What is being asked — Pick out each line of the records that includes the string "front", and copy it.

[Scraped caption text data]
******
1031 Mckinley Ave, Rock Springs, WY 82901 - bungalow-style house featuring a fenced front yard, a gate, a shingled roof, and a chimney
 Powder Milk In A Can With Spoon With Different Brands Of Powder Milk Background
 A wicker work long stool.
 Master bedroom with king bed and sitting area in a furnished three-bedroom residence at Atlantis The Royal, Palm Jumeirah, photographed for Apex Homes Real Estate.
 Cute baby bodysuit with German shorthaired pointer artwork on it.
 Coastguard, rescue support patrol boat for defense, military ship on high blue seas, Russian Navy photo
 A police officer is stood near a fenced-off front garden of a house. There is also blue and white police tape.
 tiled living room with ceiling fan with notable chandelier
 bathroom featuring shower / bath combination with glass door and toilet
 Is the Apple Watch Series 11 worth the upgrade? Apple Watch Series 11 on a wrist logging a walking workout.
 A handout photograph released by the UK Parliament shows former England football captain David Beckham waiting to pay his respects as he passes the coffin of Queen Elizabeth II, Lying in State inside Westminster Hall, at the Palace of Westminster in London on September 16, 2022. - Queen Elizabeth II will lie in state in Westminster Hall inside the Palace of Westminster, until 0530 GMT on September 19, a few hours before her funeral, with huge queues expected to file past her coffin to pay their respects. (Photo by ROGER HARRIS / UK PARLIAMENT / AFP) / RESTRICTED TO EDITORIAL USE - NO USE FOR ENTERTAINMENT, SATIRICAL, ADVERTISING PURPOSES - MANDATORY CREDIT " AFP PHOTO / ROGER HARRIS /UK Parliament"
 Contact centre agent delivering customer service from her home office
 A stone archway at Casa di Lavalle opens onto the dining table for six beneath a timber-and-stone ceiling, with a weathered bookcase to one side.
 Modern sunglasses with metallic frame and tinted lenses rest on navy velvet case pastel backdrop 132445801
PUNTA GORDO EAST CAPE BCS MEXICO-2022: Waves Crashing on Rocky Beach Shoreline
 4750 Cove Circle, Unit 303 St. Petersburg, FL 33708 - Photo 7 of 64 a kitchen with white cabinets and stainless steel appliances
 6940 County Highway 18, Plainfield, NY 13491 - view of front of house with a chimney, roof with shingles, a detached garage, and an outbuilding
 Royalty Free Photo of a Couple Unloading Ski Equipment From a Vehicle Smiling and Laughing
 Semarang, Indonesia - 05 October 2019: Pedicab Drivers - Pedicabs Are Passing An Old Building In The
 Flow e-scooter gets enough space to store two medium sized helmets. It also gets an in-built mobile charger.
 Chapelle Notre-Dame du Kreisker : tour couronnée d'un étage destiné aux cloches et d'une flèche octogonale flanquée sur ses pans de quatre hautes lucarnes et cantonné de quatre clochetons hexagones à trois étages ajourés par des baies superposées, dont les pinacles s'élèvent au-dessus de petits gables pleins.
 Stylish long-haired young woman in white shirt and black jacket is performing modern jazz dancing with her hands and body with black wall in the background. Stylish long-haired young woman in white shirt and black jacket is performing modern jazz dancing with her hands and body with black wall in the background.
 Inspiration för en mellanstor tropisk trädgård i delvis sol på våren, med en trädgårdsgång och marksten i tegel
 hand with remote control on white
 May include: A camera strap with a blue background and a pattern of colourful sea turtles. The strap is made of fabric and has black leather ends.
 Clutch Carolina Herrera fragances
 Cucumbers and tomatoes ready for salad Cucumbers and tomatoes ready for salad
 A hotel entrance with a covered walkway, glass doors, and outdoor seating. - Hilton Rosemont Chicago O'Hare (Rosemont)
******
Written solution —
1031 Mckinley Ave, Rock Springs, WY 82901 - bungalow-style house featuring a fenced front yard, a gate, a shingled roof, and a chimney
 A police officer is stood near a fenced-off front garden of a house. There is also blue and white police tape.
 6940 County Highway 18, Plainfield, NY 13491 - view of front of house with a chimney, roof with shingles, a detached garage, and an outbuilding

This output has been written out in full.